Recorded data
== Segment start ==

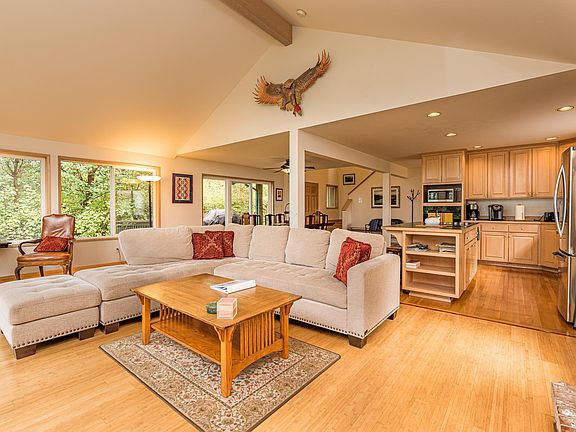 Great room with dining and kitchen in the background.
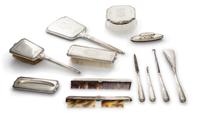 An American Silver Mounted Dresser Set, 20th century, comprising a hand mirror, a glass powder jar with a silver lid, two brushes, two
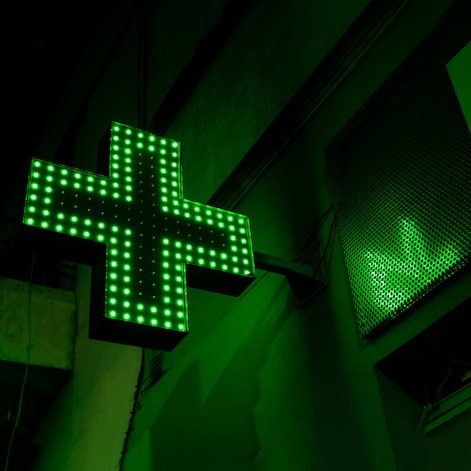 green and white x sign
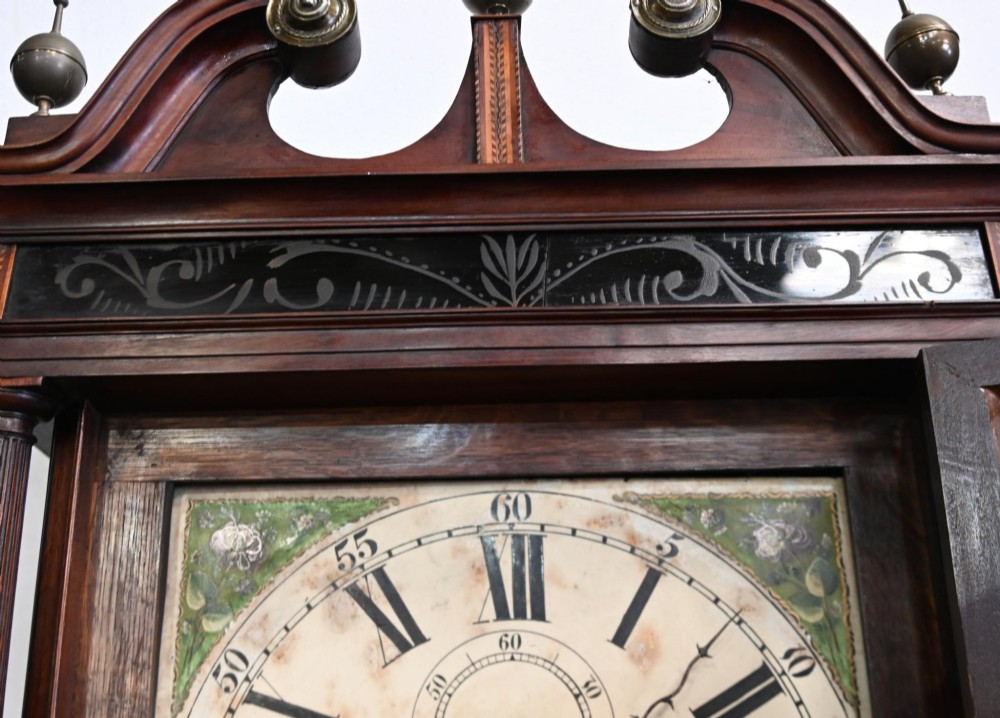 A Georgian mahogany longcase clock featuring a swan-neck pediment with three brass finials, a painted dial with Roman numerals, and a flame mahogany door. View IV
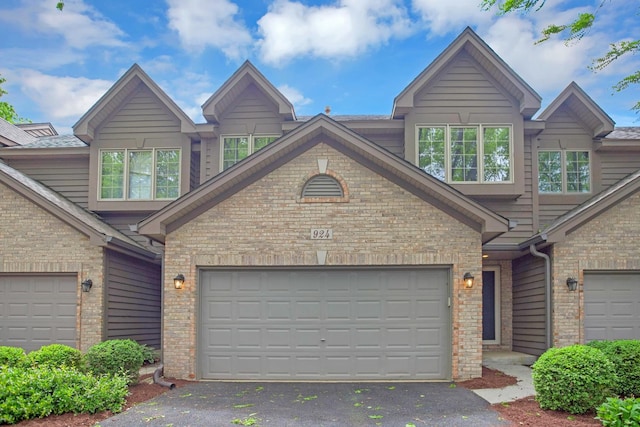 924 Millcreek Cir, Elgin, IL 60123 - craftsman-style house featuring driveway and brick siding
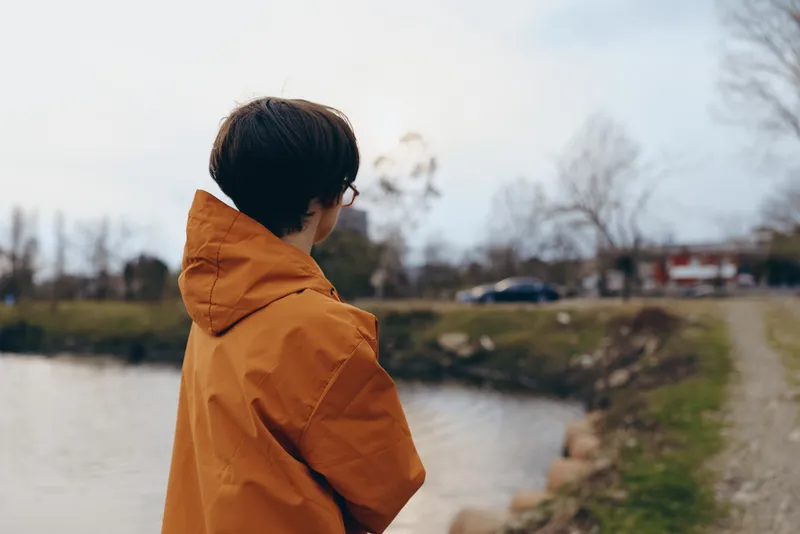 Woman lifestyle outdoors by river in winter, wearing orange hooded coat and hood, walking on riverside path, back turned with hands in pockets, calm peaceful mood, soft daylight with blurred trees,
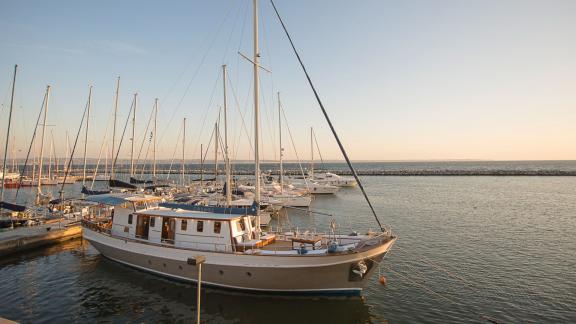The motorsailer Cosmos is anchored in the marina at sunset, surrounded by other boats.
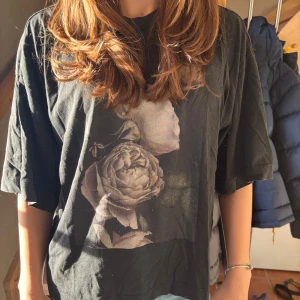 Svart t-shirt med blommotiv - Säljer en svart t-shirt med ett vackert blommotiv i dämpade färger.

== Segment end ==

Action item
What is needed here is an exact transcription of every record above, with images excluded.

Task response
 Great room with dining and kitchen in the background.
 An American Silver Mounted Dresser Set, 20th century, comprising a hand mirror, a glass powder jar with a silver lid, two brushes, two
 green and white x sign
 A Georgian mahogany longcase clock featuring a swan-neck pediment with three brass finials, a painted dial with Roman numerals, and a flame mahogany door. View IV
 924 Millcreek Cir, Elgin, IL 60123 - craftsman-style house featuring driveway and brick siding
 Woman lifestyle outdoors by river in winter, wearing orange hooded coat and hood, walking on riverside path, back turned with hands in pockets, calm peaceful mood, soft daylight with blurred trees,
The motorsailer Cosmos is anchored in the marina at sunset, surrounded by other boats.
 Svart t-shirt med blommotiv - Säljer en svart t-shirt med ett vackert blommotiv i dämpade färger.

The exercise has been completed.